Multiple sources have reported that a high school senior in Kellogg will not be able to walk for his graduation after he made a statement during a school assembly that affirmed that there are only two genders.
Travis Lohr claims that he will not be allowed to walk in the Kellogg High School graduation ceremony in an interview with the Idaho Freedom Foundation’s Wayne Hoffman: “We had a school assembly where every senior was lined up to give a piece of advice or something you wanted to say to the underclassmen. And I had wrote something before and I decided to change my statement about an hour before they’d given our cards back and I said guys are guys, and girls are girls: there’s no in between.”
Lohr says that Dan Davidian at first said that he wouldn’t be in trouble for making the statement. The next day, however, Davidian told Lohr that he was suspended for the day and wouldn’t be able to walk for the graduation. According to Lohr, Davidian made the decision because his comments were inappropriate.
After the news that Lohr wouldn’t be able to walk at his graduation, students and community members planned to protest by walking out.
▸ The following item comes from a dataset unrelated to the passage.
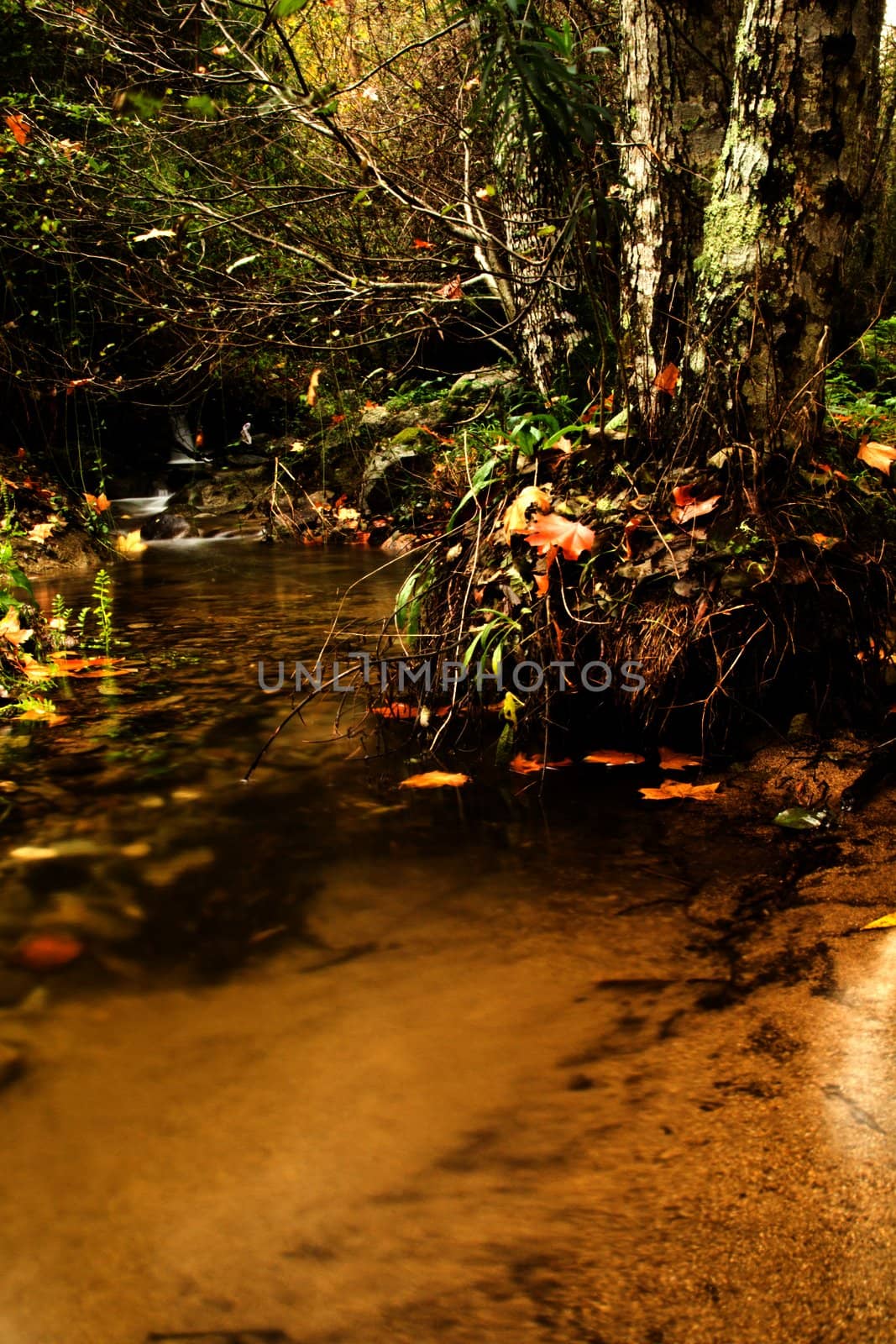 View of beautiful autumn set on a creek in Monchique, Portugal.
In response, the school decided to close at 10:45 am.
According to a post by the Kootenai County Spectator, one of the school’s bus drivers has been fired. Additionally, the graduation ceremony has been delayed due to safety concerns: “The Shoshone County Sheriff’s Office has informed the Kellogg School District of concerns regarding the safety of students, staff and families due to a number of outside groups and agitators.”
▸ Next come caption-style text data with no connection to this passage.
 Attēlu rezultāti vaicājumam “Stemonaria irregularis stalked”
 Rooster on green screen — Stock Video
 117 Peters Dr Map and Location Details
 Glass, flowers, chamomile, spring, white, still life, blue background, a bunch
According to the Shoshone News Press, however, the decision was merely procedural:
“According to multiple reports from staff at the school, the seniors who prepared statements for the assembly were told that their statements couldn’t contain slurs or racial remarks, among other requirements.
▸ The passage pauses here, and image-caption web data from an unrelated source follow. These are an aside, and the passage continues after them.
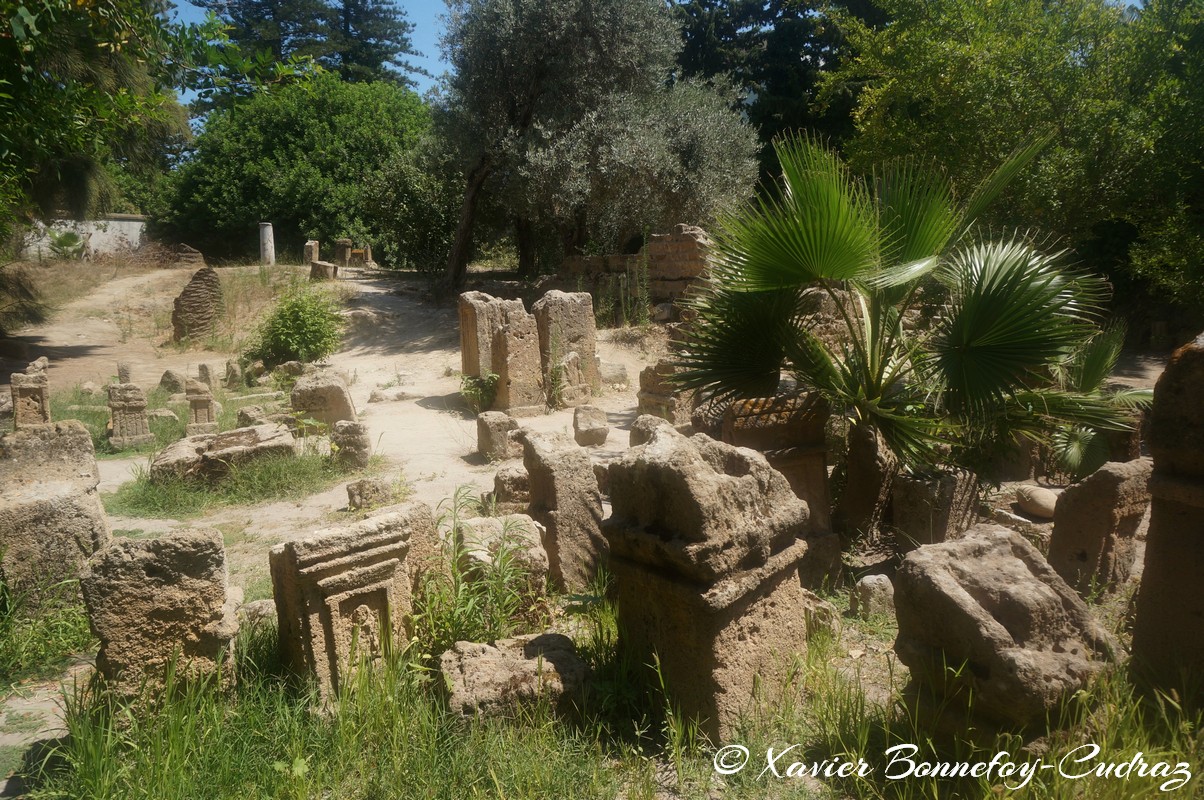 Carthage - Tophet
Mots-clés: geo:lat=36.84128263 geo:lon=10.32287279 geotagged Salammb TUN Tunisie Tunis Carthage Ruines romaines Tophet de Carthage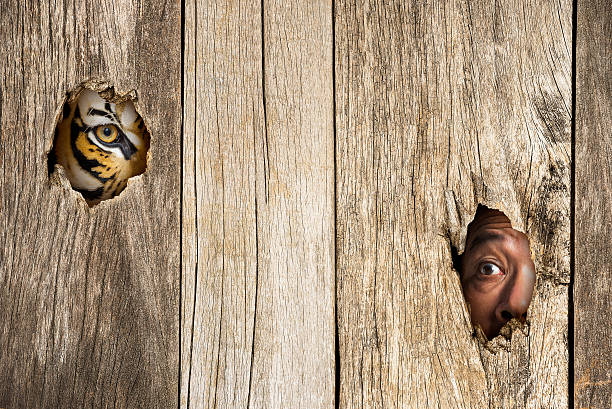 istock Tiger and human eye in wooden hole 480880480
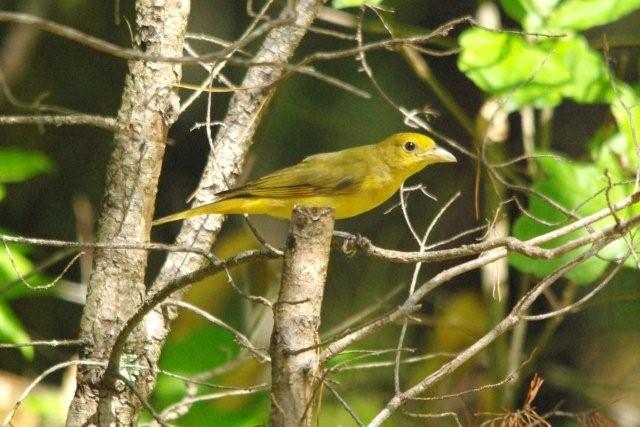 Summer Tanagers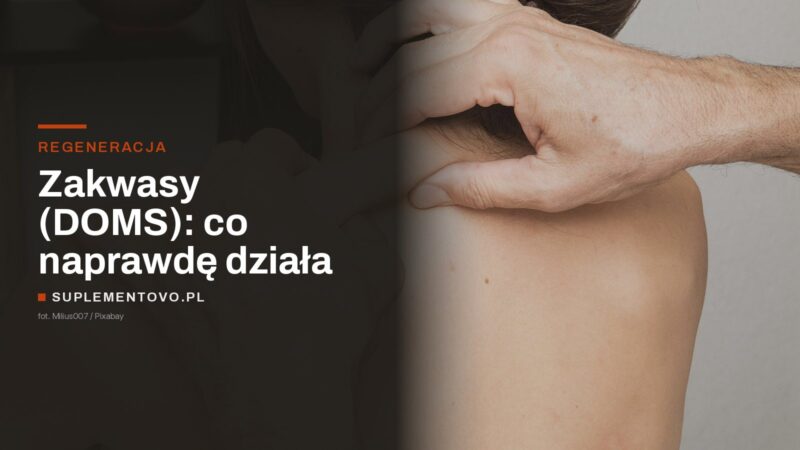 Dłonie terapeuty uciskające mięśnie pleców podczas masażu sportowego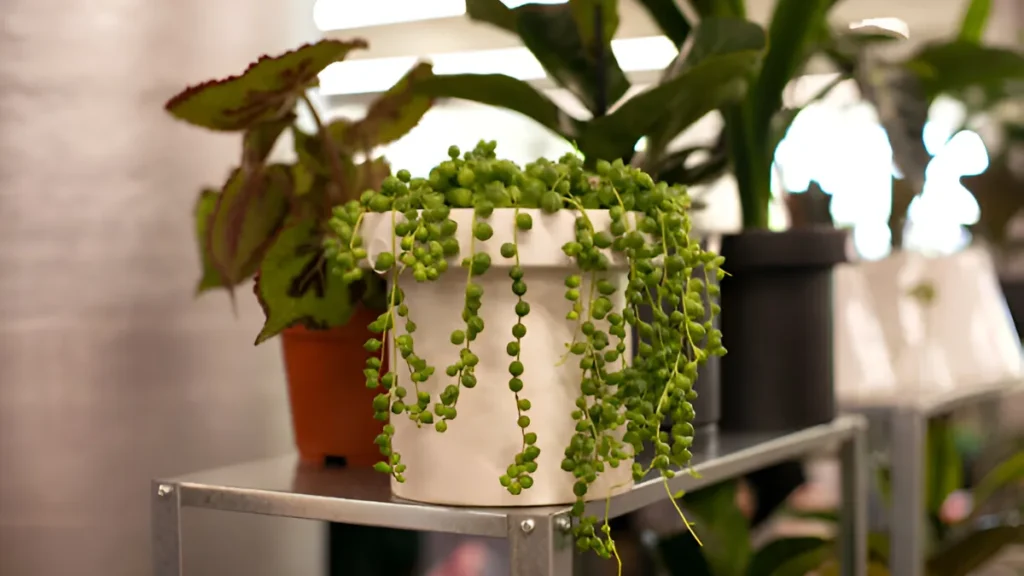 String of Pearls Plant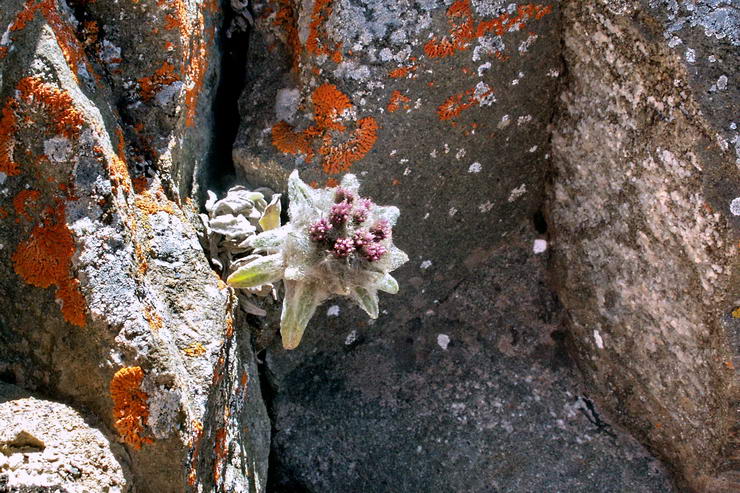 Flore de l'Himalaya - Edelweiss - Leontopodium .. - Astraces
According to several members of the KHS staff, the statements were then vetted before the students presented them.
It has also been reported that Lohr and the other students were told not to go ‘off-script’ from their statements during their time to speak and that is what Lohr allegedly did – and it was him going off-script that allegedly got him into trouble, not necessarily what he had said.”
Some argue, however, that other statements wouldn’t have been punished so harshly simply for going off script.